I want to train two agents who play a game (in the game theory sense) through gradient ascent. Each agent has a number of parameters identical to their number of strategies. These parameters are initialized with normally distributed random variables. The parameters get translated into a probability distribution by applying a softmax. I am aware of torch.optim, but want to write the gradient ascent step myself, since I later want to investigate modifications to it. The code below works as expected:

import torch as T

lr = 0.01
std = 0.01
num_strategies1 = 3
num_strategies2 = 5
# Generate random payoff matrices for both players.
payoff_matrix1 = T.randn((num_strategies1, num_strategies2))
payoff_matrix2 = T.randn((num_strategies2, num_strategies1))

params1 = std * T.randn(num_strategies1)
params2 = std * T.randn(num_strategies2)
params1.requires_grad_()
params2.requires_grad_()

for _ in range(10):
  probs1 = T.softmax(params1, dim=0)
  probs2 = T.softmax(params2, dim=0)
  payoff1 = T.dot(probs1, T.matmul(payoff_matrix1, probs2))
  payoff2 = T.dot(probs2, T.matmul(payoff_matrix2, probs1))
  grad1 = T.autograd.grad(payoff1, params1, create_graph=True)[0]
  grad2 = T.autograd.grad(payoff2, params2, create_graph=True)[0]
  params1.data += lr * grad1.data # GRADIENT ASCENT
  params2.data += lr * grad2.data # GRADIENT ASCENT  

Instead of using .data, I want to use the torch.no_grad() context manager.
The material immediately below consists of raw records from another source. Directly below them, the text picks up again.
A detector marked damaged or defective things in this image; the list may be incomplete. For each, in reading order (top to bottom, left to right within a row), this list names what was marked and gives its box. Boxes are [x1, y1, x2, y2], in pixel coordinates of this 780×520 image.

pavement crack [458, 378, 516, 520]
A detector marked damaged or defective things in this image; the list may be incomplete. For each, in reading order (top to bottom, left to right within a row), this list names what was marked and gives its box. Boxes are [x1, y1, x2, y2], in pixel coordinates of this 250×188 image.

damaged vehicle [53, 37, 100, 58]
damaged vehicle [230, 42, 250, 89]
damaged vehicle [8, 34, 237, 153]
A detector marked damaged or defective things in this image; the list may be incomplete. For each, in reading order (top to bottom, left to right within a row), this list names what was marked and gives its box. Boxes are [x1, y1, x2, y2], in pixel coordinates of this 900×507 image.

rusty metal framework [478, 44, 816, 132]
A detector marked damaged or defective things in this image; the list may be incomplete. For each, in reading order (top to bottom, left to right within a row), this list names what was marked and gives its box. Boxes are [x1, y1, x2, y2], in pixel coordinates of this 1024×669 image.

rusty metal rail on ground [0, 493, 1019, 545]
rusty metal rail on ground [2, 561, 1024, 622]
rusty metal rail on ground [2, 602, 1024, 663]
So I replace the two lines marked with GRADIENT ASCENT with the following code:

  payoff1.backward(retain_graph=True)
  with T.no_grad():
    params1 += lr * grad1
    params2.grad.zero_()

  payoff2.backward()
  with T.no_grad():
    params2 += lr * grad2
    params1.grad.zero_()
    params2.grad.zero_()     

However, I now get the following error:

RuntimeError: one of the variables needed for gradient computation has been modified by an inplace operation: [torch.FloatTensor [3]] is at version 1; expected version 0 instead. Hint: enable anomaly detection to find the operation that failed to compute its gradient, with torch.autograd.set_detect_anomaly(True).

I’ve never had this issue before when using torch.no_grad(). Surprisingly, the issue also disappears if I replace probs1 = T.softmax(params1, dim=0) with a meaningless probs1 = T.sigmoid(params1) (and the same for probs2).

How do I need to change my code such that I can use torch.no_grad()?